There are many half-truths about Coolidge. Despite his nickname, Coolidge was far from silent in his biweekly press conferences and—years before FDR’s fireside chats—regular radio addresses to the American people. Far from a quiet simpleton, he was an experienced public servant.
Coolidge served in Massachusetts as a city councilman, city solicitor, mayor, state senator, lieutenant governor, and governor before running for Vice President in 1920, joining Warren G. Harding’s quest to return the country to “normalcy.” He took the presidential oath early on the morning of August 3, 1923, following Harding’s death. Under Coolidge, normalcy meant a return to the principles of America’s Founding.
Historians remember Calvin Coolidge as saying the “chief business of the American people is business,” a quote that’s frequently taken out of context. For example, “the observation was apt if not profound,” historian Henry Steele Commanger wrote. “Never before, not even in the McKinley era, had American society been so materialistic.” Historian Arthur Schlesinger, Jr., went further: “For Coolidge, business was more than business; it was a religion; and to it he committed all the passion of his arid nature,” Schlesinger wrote, “as he worshipped business, so he detested government. Economy was his self-confessed obsession.”
But the historians get Coolidge all wrong.
Coolidge did not mean that Americans consider wealth to be the highest accomplishment. “The accumulation of wealth cannot be justified as the chief end of existence,” he argued. “And there never was a time when wealth was so generally regarded as a means, or so little regarded as an end, as today.”
While Americans were “profoundly concerned with producing, buying, selling, investing and prospering in the world,” their highest aim was not material success. Americans, he said, “make no concealment of the fact that we want wealth, but there are many other things that we want very much more. We want peace and honor, and that charity which is so strong an element of all civilization.” Americans were also concerned about character: “industry, thrift and self-control are not sought because they create wealth, but because they create character.”
Coolidge encouraged Americans to “cultivate the reverence which they had for the things that are holy. We must follow the spiritual and moral leadership which [our Founders] showed. We must keep replenished, that they may glow with a more compelling flame, the altar fires before which they worshipped.”
By this, Coolidge meant a dedication to the principles of the Declaration of Independence, which was “the product of the spiritual insight of the people.”

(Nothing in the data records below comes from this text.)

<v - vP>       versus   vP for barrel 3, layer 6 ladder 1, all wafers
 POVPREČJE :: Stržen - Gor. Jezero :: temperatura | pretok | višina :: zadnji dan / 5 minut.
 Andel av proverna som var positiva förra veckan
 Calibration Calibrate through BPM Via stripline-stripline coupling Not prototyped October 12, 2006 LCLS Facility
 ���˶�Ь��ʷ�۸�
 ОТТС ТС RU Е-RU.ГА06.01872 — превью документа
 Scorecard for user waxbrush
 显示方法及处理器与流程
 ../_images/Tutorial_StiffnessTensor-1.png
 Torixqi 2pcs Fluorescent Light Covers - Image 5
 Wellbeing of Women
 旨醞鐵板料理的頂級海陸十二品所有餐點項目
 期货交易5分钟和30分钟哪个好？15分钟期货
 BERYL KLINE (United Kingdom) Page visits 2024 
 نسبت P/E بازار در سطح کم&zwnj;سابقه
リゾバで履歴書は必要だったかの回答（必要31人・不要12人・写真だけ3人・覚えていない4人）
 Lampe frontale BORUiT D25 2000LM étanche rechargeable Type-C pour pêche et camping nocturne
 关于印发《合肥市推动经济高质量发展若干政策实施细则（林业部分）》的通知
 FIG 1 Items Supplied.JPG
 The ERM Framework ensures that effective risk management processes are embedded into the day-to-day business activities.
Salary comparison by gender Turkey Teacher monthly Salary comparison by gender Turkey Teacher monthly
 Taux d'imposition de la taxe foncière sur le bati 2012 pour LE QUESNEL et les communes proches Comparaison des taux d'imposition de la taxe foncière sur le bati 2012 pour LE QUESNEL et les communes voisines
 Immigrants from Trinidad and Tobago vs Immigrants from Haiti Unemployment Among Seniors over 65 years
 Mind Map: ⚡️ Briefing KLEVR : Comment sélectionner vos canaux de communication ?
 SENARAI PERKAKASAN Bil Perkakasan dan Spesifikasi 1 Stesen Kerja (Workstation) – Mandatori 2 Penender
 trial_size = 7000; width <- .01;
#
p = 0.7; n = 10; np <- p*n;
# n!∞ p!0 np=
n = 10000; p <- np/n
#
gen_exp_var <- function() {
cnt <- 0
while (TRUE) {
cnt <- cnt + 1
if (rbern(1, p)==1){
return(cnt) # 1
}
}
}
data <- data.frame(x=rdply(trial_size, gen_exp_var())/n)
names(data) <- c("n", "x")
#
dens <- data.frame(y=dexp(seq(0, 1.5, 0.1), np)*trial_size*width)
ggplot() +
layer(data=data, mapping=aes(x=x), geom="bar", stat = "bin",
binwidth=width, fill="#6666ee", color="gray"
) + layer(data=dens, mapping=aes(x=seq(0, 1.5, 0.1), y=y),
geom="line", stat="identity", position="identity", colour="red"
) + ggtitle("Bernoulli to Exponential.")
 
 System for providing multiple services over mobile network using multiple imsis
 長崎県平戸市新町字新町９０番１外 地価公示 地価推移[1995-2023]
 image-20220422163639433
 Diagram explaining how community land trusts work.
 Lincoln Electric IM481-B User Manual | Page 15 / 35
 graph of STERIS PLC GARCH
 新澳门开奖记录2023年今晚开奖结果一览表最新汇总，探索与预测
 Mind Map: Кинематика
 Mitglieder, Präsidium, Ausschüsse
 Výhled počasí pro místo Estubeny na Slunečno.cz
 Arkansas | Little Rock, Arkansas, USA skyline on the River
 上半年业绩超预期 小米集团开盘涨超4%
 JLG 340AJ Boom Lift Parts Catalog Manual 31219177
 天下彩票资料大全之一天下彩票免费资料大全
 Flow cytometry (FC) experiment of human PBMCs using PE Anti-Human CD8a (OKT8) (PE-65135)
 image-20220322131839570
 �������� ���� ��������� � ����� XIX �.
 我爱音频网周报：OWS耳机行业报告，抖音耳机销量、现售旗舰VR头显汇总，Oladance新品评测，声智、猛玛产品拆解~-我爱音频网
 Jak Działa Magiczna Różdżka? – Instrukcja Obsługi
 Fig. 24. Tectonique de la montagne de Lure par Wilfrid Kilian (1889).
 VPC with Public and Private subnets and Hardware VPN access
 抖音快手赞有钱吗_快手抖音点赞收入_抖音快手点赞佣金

Coolidge understood that the Founders did not invent the principles contained within the Declaration of Independence. “Great ideas do not burst upon the world unannounced. They are reached by a gradual development over a length of time usually proportionate to their importance. This is especially true of the principles laid down in the Declaration of Independence.”
Coolidge argued that the principles of equality, liberty, and consent were related. If there were no natural rulers, then all men were free to govern themselves. Since no rights can “be bartered away nor taken from them by any earthly power, it follows as a matter of course that the practical authority of the Government has to rest on the consent of the governed.”
Coolidge adhered to these principles consistently: It was Coolidge, for instance, who ended the practice of segregation in federal employment, a practice instituted by Progressive icon Woodrow Wilson.
Coolidge understood that these principles were final. “If all men are created equal, that is final. If they are endowed with inalienable rights, that is final. If governments derive their just powers from the consent of the governed, that is final. No advance, no progress can be made beyond these propositions.” The country couldn’t progress by moving away from the Declaration.
As we prepare to celebrate the Fourth of July, let us not only remember the principles of America but also commemorate the birthday of the man who so eloquently articulated and defended America’s enduring principles and our noble heritage of freedom.